Deaf Man Shot Dead by Police
He was deaf, unarmed, minding his own business and just moments from home. Because he could not hear the sirens, he did not notice the police until long after they had lost all patience with him. By then, they had taken to bumping his car to get him to stop. But when he finally noticed and stopped, because he could not speak, but attempted to communicate in sign language, police could not understand what 29-year-old Daniel Harris said.
Because the police are permitted to punish people for lack of cooperation alone, unaccompanied by any crime, a North Carolina State Trooper shot him dead. Harris’s life was snuffed out. It happened on Thursday, August 18, 2016 in Charlotte, North Carolina. The most Harris was guilty of was speeding. Did exceeding the legal speed limit justify a police killing?

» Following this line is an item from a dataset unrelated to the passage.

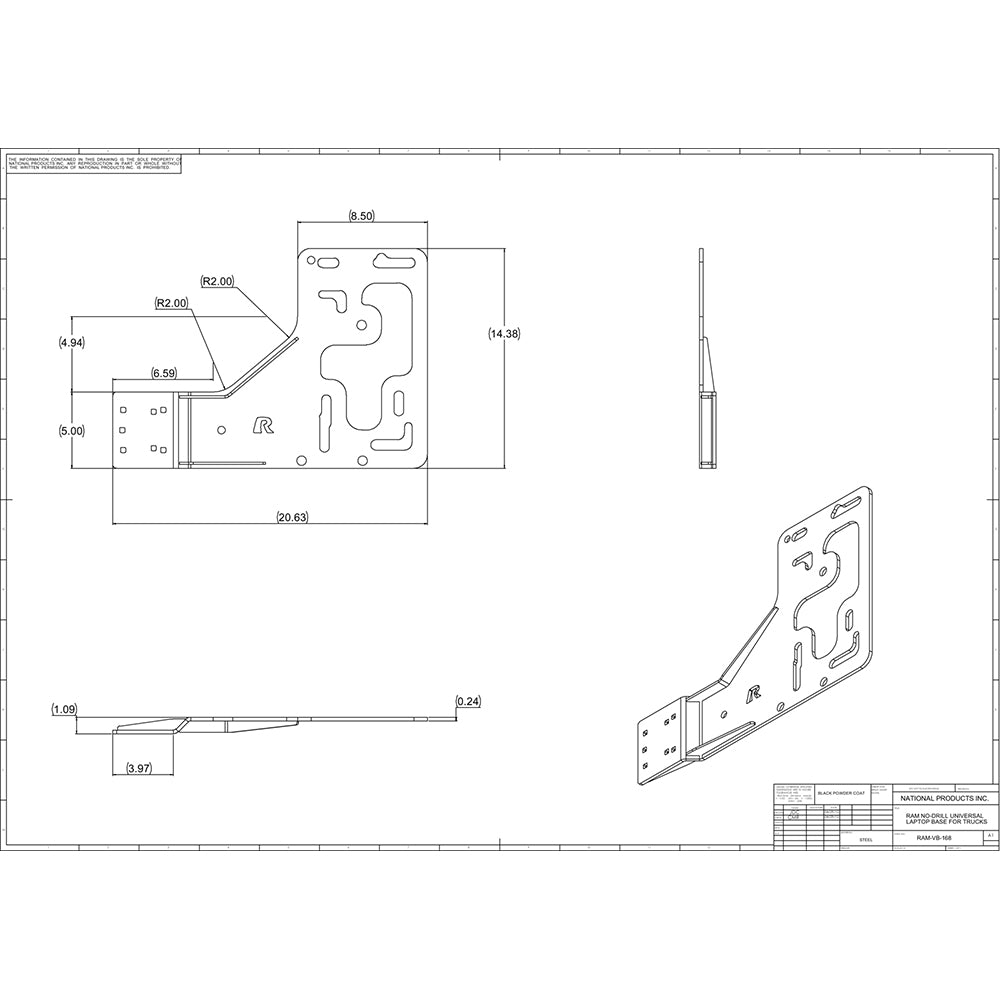 RAM Mount No Drill Vehicle Base fSemi Trucks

The Harris family, in their grief, have made this statement:
Our family is raising funds to cover his memorial and cremation expenses (details pending). Any monies left over will be used to set up a foundation in his name to educate and provide law enforcement proper training on how to confront Deaf people. Subsequently, we hope to change the DMV registration system by requiring states to set up a ‘DEAF’ alert to appear when law enforcement look up a car’s license plate. With this change, Daniel will be a hero in our Deaf community.
Do law enforcement officers need special training on how to confront deaf people? Deaf people are not the only minority whose difference from the average person includes communication issues. Autistic people have a special communication style different from neurotypical people. People who have suffered from a stroke or paralysis might not be able to speak in a way that is comprehensible to the average police officer. Perfectly healthy individuals who have all their senses intact might not be able to communicate with the average American police officer, if they happen to not speak English.

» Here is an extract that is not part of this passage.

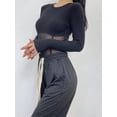 thumbnail image 4 of Camisetas sexys para mujer, de malla con retazos, de manga larga, ajustadas, estilo europeo, ropa de calle picante para chicas, mono elegante con personalidad, de una pieza, 4 of 5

Sometimes, even a minor dialect difference in the same language can lead to serious difficulty in communication. For instance, native speakers of Black American Vernacular who have not yet learned Standard American English can be completely incomprehensible to people who do not speak that dialect. Some, though probably not all, incidents of police killing of black citizens may be due to that sort of misunderstanding.
We can talk about prejudice by police against minorities, and no doubt that kind of prejudice exists. But the real reason that the police kill so many people with impunity is that they are given the right to stop all of us when we are harming no one. Police rely on the average person’s sense of self-preservation to yield to the lawman’s demands, no matter how unreasonable.

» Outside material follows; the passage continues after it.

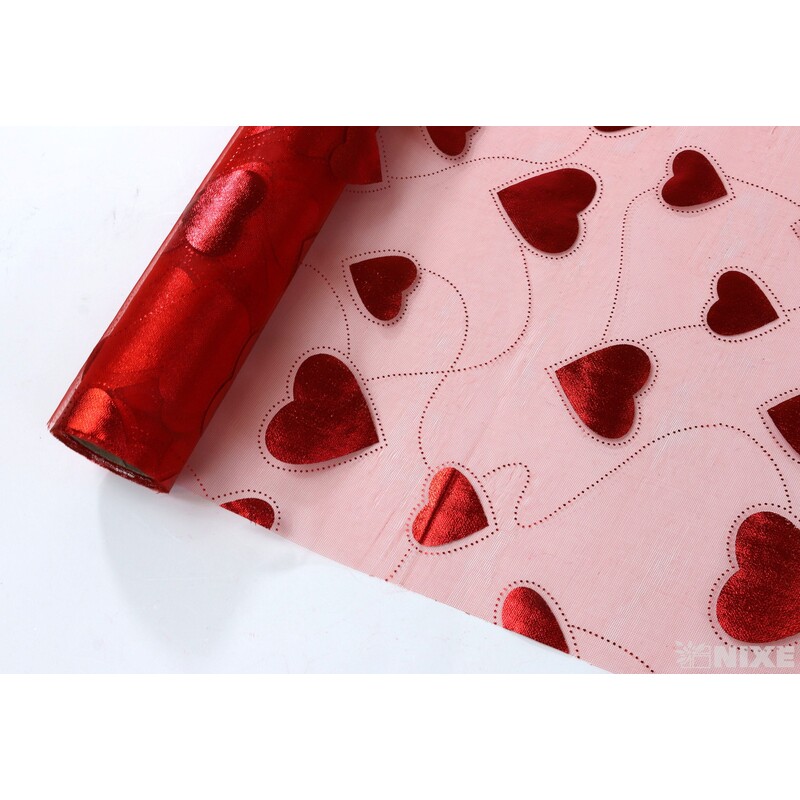 ORGANZA SRDCE 3510 36cmx5yd*ČERVENÁ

They make no allowances for small differences from the norm in reaction time and comprehension. In the end, every one of us is a minority of one. We each have our crosses to bear, even if the differences from the norm are minor. Most people make allowances for small differences when interacting with others. But the police make no allowances at all, putting the entire burden on us to make sure we do not get shot.
If we simply did away with the right of the police to stop people under flimsy pretexts, such as exceeding the speed limit while endangering no one, there would be a lot less police brutality. Fewer people would be shot. And this would be a solution that would not require us to train police to interact in special ways with minorities. It would not require minorities to be marked with a special yellow star that might read “DEAF” or “BLACK” or “AUTISTIC.” The solution is not to list minorities in special government registers. We could just avoid unnecessary confrontations altogether. The best way to protect and to serve is to leave people alone, unless they ask for help.